Crossing the city exposes the horror of this new order. On London Bridge, now lined with banners celebrating Eleanor’s eternal rule, the group passes cages of tortured humans and crowds of fearful citizens.
Nick restrains his anger while Aaron warns against drawing attention. When a man is publicly beaten by guards for breaking curfew, the group seizes the chaos to slip through a checkpoint.
But when they reach the other side, they find that Liu territory has also fallen—Argent sigils now dominate. Power has shifted completely, and there is nowhere safe to turn.
Seeking shelter, they reach the Serpentine Inn, now expanded into a monstrous marketplace where humans serve as staff under strict curfew. Aaron pays for rooms with enchanted tokens that steal fifty years of human life, horrifying Joan.
Wanted posters for Joan plaster the walls, marking her as a traitor. As they hide in a nearby apartment, Joan discovers books describing this society’s monstrous laws: humans owe decades of their lives to their overlords, their time literally counted and traded.
Determined to restore the timeline, Joan vows to kill Eleanor.
Her powers begin to fail, causing dangerous “fade-outs” where she feels herself vanishing. Her grandmother’s spectral voice urges her to seek allies marked by a wolf.
When a nervous inn clerk, Ronan, secretly gives her a note with a wolf symbol, Joan suspects he’s part of that resistance. Before she can meet him, guards storm the market and arrest him for conspiracy.
Convinced Ronan is crucial, the group pursues the convoy taking him away, commandeering a self-driving bus through the stormy city.
The bus leads them to Richmond and the Oliver estate—home of Aaron’s powerful family. Inside the vast, walled property, they witness Lucien Oliver, Aaron’s cousin, execute Ronan by draining his life.
Joan’s grief triggers another vision of her grandmother, who confirms that Eleanor has rewritten history and warns Joan not to trust her own counterpart in this timeline. When guards discover the intruders, they unexpectedly address Aaron as “Lord Oliver.” In this altered world, he is the head of the family. Assuming his counterpart’s role, Aaron commands the guards to stand down and pretends Joan and Nick are his human lovers.
Inside the mansion, he learns his father has been exiled and that his monstrous counterpart is a trusted enforcer of the Queen.

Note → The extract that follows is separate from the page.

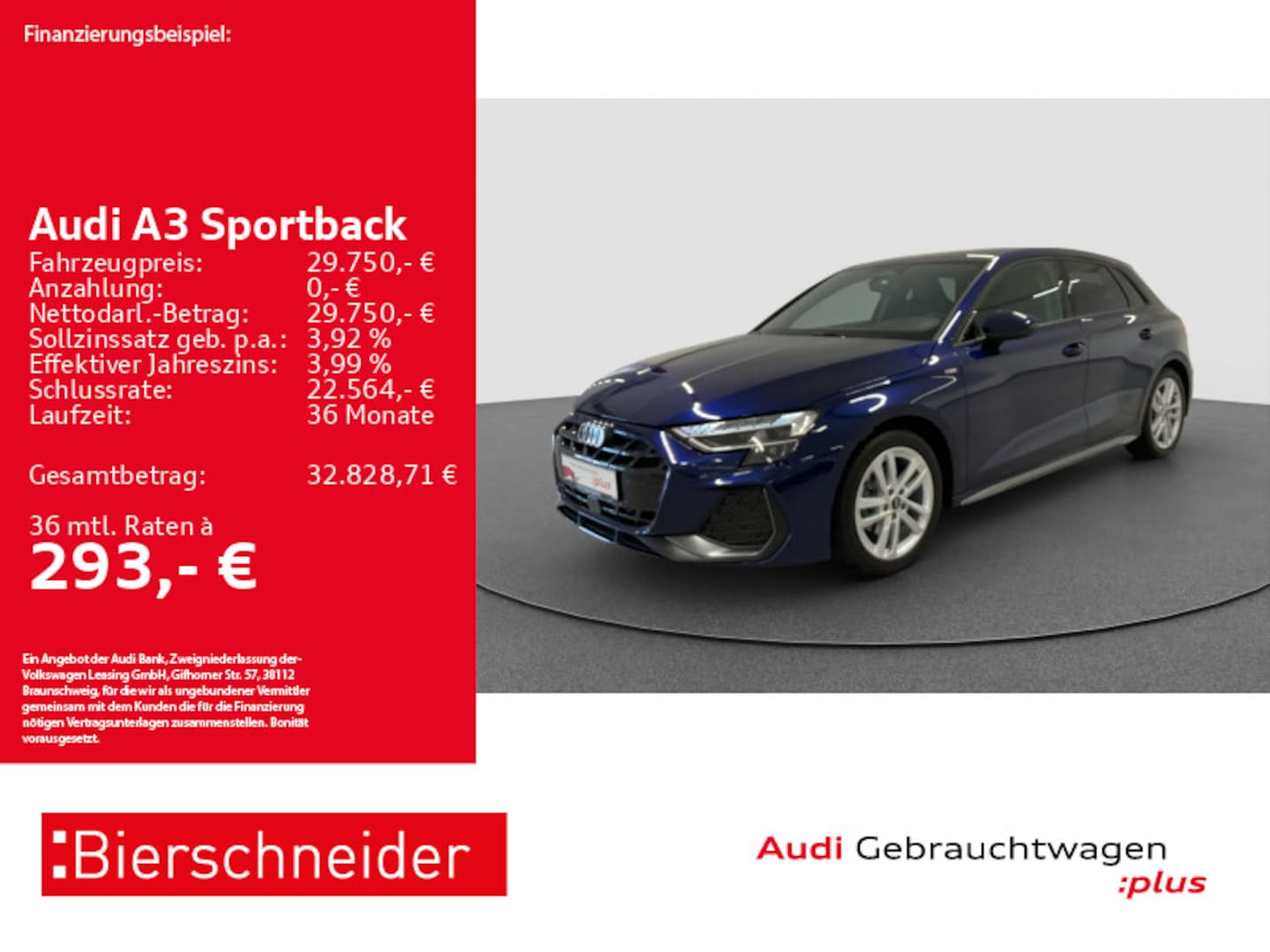 Bild über Audi A3 Sportback TFSI 110 kW S tronic - für weitere Informationen kontaktieren Sie den Audi Partner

A call from Eleanor herself confirms their fears. She praises Aaron’s supposed loyalty in helping crush the human resistance known as the wolves.
While hiding, Joan and Nick discover a recording showing this world’s Aaron torturing and killing Nick’s alternate self—a rebel leader. The revelation devastates them both.
Aaron is forced to impersonate his cruel counterpart during an upcoming public execution meant to eliminate captured rebels. The group realizes the only way to contact the resistance is to infiltrate the ceremony and save the prisoners.
Nick and Joan travel through the crumbling human quarter of Covent Garden, where they reunite with Nick’s surviving siblings, Finn and Mary. They live in poverty, their remaining years displayed on pendants.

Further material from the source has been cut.